On a prouvé que, chez l’obèse, l’excédent d’éléments nutritifs, les cytokines inflammatoires et l’insuline — hormone capitale qui régule l’homéostasie du glucose dans l’organisme — altèrent les signaux transmis aux récepteurs de l’insuline et entravent la capacité de l’organisme à maintenir le métabolisme en état d’homéostasie en réagissant à cette hormone.

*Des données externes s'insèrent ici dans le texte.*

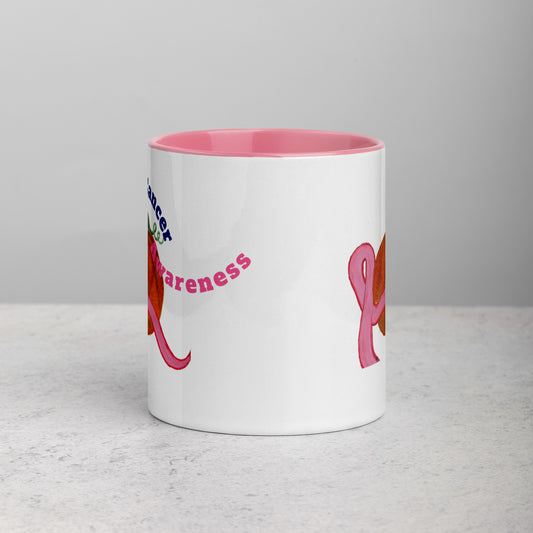 *New* Breast Cancer Awareness Pumpkin Mug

Mme Tsai a remarqué qu’outre les tissus qui interviennent dans le métabolisme, les cellules immunitaires possèdent elles aussi des récepteurs de l’insuline, donc la capacité de « sentir » la présence de l’hormone. Elle a par ailleurs observé que cette aptitude s’affaiblit chez l’obèse. Dans l’espoir d’élucider le rôle des récepteurs de l’insuline dans le fonctionnement des cellules immunitaires, Mme Tsai formule l’hypothèse que l’hormone est une nouvelle molécule centrale du système immunostimulateur et que, lorsque l’obésité s’installe, les lymphocytes T acquièrent une résistance à l’insuline, ce qui atténue l’aptitude de l’organisme à combattre l’infection. Elle présume qu’en ciblant les circuits de signalisation communs aux récepteurs de l’insuline avec des modulateurs du métabolisme, on pourrait rehausser la protection que les vaccins confèrent aux obèses.

Les résultats de ses travaux feront ressortir un nouvel axe endocrinien-immunitaire régulant la fonction immune des lymphocytes T, ce qui aura de vastes applications pour de multiples maladies.

Les données capitales issues du projet nous expliqueront pourquoi la vaccination ne protège pas suffisamment l’obèse et le diabétique, et pourquoi ces deux populations sont si vulnérables aux infections et au cancer. L’usage d’adjuvants métaboliques dans le cadre d’études en vaccination qui valideront cette théorie ouvrira la porte à la création d’adjuvants en mesure de mieux répondre aux besoins des populations à risque.